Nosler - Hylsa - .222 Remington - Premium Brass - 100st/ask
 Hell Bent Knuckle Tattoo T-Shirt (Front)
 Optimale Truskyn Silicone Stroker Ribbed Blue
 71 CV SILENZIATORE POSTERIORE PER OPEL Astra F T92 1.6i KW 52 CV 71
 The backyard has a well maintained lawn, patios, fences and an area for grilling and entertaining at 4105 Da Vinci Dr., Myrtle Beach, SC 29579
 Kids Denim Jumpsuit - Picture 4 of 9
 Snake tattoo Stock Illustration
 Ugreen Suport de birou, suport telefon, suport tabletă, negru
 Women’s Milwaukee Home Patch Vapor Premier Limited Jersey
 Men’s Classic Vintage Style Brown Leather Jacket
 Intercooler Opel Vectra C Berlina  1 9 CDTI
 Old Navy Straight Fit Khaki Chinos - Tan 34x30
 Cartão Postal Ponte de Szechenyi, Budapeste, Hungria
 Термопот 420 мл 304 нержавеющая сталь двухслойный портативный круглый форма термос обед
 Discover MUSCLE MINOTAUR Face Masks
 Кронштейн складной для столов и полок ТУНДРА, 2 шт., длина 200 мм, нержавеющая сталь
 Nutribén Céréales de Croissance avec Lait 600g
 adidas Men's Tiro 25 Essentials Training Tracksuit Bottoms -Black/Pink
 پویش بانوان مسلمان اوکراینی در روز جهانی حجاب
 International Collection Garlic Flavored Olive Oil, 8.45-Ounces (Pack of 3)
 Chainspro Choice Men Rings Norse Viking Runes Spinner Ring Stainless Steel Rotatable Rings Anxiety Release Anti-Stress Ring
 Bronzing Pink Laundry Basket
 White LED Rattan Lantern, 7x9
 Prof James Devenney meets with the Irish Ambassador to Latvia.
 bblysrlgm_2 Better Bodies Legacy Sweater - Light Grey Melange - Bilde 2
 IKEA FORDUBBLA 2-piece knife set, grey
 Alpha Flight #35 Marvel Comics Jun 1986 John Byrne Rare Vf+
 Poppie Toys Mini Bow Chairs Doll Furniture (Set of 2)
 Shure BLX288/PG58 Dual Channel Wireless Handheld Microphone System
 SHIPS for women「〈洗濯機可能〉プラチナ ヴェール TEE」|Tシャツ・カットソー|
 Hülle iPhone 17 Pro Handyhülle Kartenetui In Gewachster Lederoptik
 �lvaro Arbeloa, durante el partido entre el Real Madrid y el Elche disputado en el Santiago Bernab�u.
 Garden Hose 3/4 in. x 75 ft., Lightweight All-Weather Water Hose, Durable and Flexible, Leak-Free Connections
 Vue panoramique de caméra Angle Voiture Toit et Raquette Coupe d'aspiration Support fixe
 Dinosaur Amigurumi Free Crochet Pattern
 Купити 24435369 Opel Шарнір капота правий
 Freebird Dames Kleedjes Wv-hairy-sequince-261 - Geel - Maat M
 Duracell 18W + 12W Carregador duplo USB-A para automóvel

□ □ □ □ □

= Required work =
Quote, word for word, every line starting at the one that contains "Купити 24435369 Opel Шарнір капота правий" and ending with the final line of the entries.

= Written response =
 Купити 24435369 Opel Шарнір капота правий
 Freebird Dames Kleedjes Wv-hairy-sequince-261 - Geel - Maat M
 Duracell 18W + 12W Carregador duplo USB-A para automóvel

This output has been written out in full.